Saudi men talk and browse the internet at a hotel in Riyadh. Photograph: Kamran Jebreili/AP

Saudi Arabia leads the field among Arab regimes that practise internet censorship, blocking website content ranging from pornography to politics, but also in waging a highly effective online war against al-Qaida and other jihadi groups.

According to the OpenNet Initiative (ONI), the conservative kingdom operates a “sophisticated” filtering system run by the internet services unit at King Abdulaziz City for Science and Technology in the capital Riyadh.

Blocking is done according to two lists: one of “immoral” (mostly pornographic) sites; the other based on directions from a security committee run by the ministry of interior. Citizens are encouraged to actively report “immoral” sites for blocking, with hundreds of requests made every week.

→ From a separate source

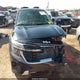 KNDER2AA2R7662777 2024 Kia Seltos Ex auction photo thumbnail 13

“The internet is one of the most heavily censored areas in Saudi Arabia,” said Madawi Al-Rasheed, of King’s College London, whose own Arabic website is blocked in her homeland. “But it is quite easy to circumvent using proxy servers. The idea is to protect society, but the so-called immoral sites are the most accessed, much more than radical or jihadi ones.”

After Egypt, Saudi Arabia has the highest number of bloggers in the Middle East, many of them women who use pseudonyms to avoid trouble with the authorities.

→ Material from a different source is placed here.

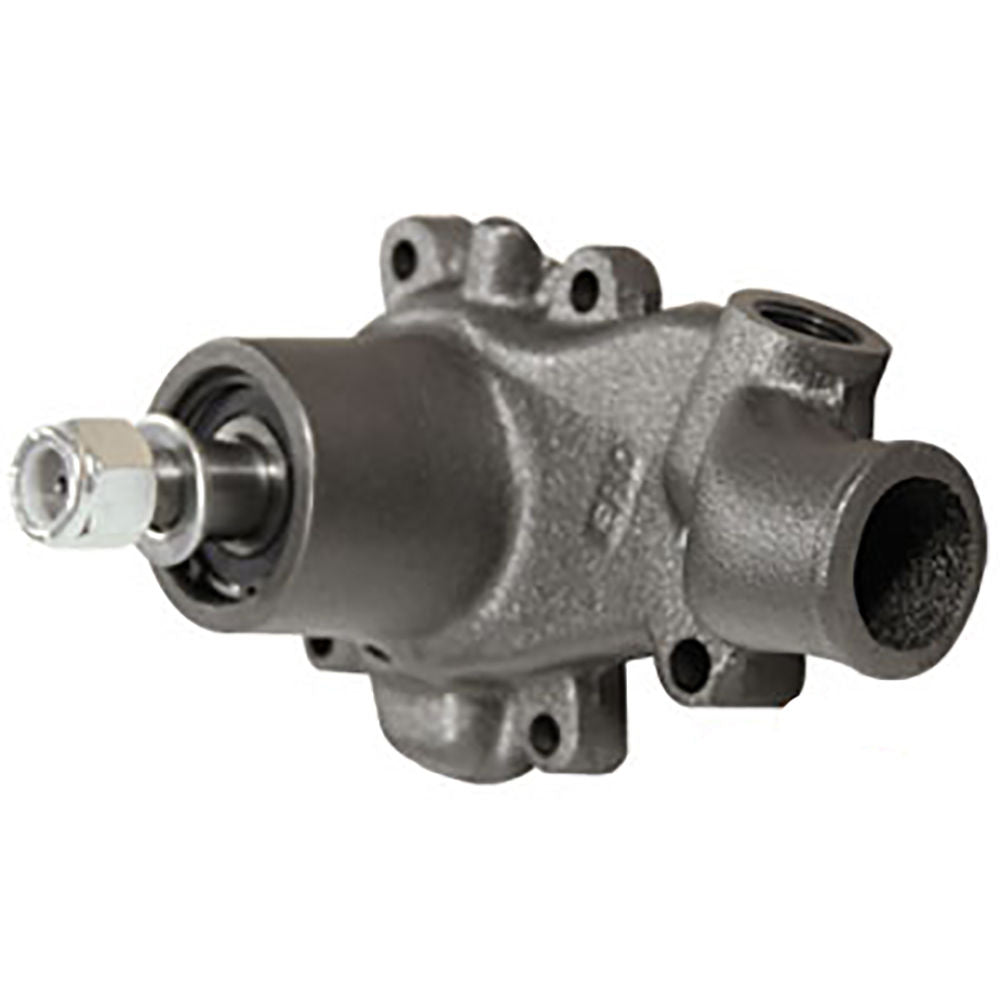 Water Pump 79003714 Fits Allis Chalmers 170 175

In Syria, which has a secular authoritarian regime, at least 160 websites related to opposition parties, Kurdish groups and hostile media organisations are banned. A “clean hands” site, set up to campaign against corruption, was shut down after a banning order was issued.

Controls are being tightened as the government tries to keep pace with increasing computer use. Censors are also becoming more advanced technologically, their work made easier by the fact that all internet traffic must pass through two state-controlled servers.

Cafes and other public internet centres need operating approval from the security services and are required to keep detailed records of customers’ surfing habits. Like most Arab countries, Syria blocks all Israeli websites.

Internet censorship in the United Arab Emirates, another Middle Eastern blackspot, is “substantial”, according to the ONI. Reporters Sans Frontieres (RSF) categorises it as “an enemy of the internet”. In 2006 the government passed a law against “information crimes”. It criminalises “those providing the web with content that harms public order or moral values”. The maximum punishment is five years in prison.

The telecoms regulator blocks websites deemed offensive to local culture or values. Pornography and gambling sites are blocked by local telecoms providers.

Tunisia is in ONI’s “pervasive” category and on RSF’s “internet enemy” list. The secular, western-backed North African republic blocks thousands of websites. “The Tunisian government has realised that censorship is not working the way it wanted it to,” says blogger Sami ben Gharbia. “The flow of dissident information into Tunisia is a fact and censorship is simply not succeeding in stopping it. The government is updating its policy from a simple blocking of dissidents’ websites and blogs to a much more aggressive one, that includes hacking and deleting websites and filtering emails.”